La mise à l’eau d’un voilier est encore différente. Pour
moi.
Je ne sais pas pourquoi la mise à l’eau de « ce »
bateau a été particulière. Emouvante. Peut-être parce que je l’avais vu
évoluer, changer, grandir en l’espace de juste quelques jours.
Alors, je suis restée là, à regarder et avoir les yeux qui
l’entouraient comme les sangles qui allaient le soulever. Lentement.
On aurait dit qu’elles l’étreignaient comme une mère son
enfant.
J’ai essayé de me faire petite. Ne pas faire partie de tous
ces touristes qui photographient à tout va. Ne pas gêner. Mais je n’ai pas pu
m’empêcher de m’approcher…
Tous s’affairaient. Protéger le bateau, mettre une planche
de bois là…et là… juste pour que le tout soit bien équilibré. Pour qu’il soit
bien.
Il s’est élevé. Sous les yeux des « professionnels »,
ceux qui sont habitués… et de ses propriétaires. C’est normal. J’étais à côté
d’un des hommes que j’avais vu transpirer les jours précédents, et je lui ai
dit qu’il avait fait un travail magnifique. Magnifique.
Le voilier est descendu doucement dans la mer. Très
doucement. Sans son mât.
Son mât est venu après. S’emboîter là… comme il faut.

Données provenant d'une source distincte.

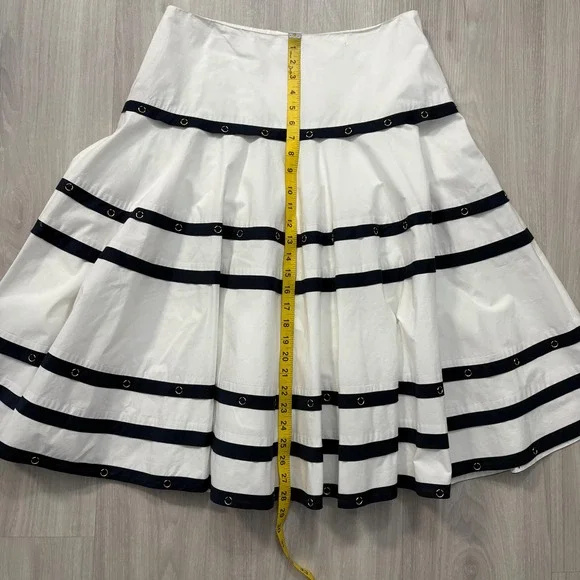 Cache Skirt Women White Navy Stripe A-Line Midi Skirt Cotton Size 10 - Picture 4 of 14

Les sangles sont parties, les bras se sont ouverts. La mer
l’a accueilli.
Je me suis approchée de celle que je pensais être la
propriétaire. Je ne sais pas si je suis arrivée à lui transmettre mon émotion.
Je sais maintenant que c’est son fils qui a dessiné et créé
son bateau. Leur bateau.
Je crois que son fils était ce jeune homme, celui qui a tant
transpiré.
Merci Madame, de m’avoir dit que votre bateau s’appelait
« Alikea ». Vérité.
« Alikea », je te souhaite bons vents.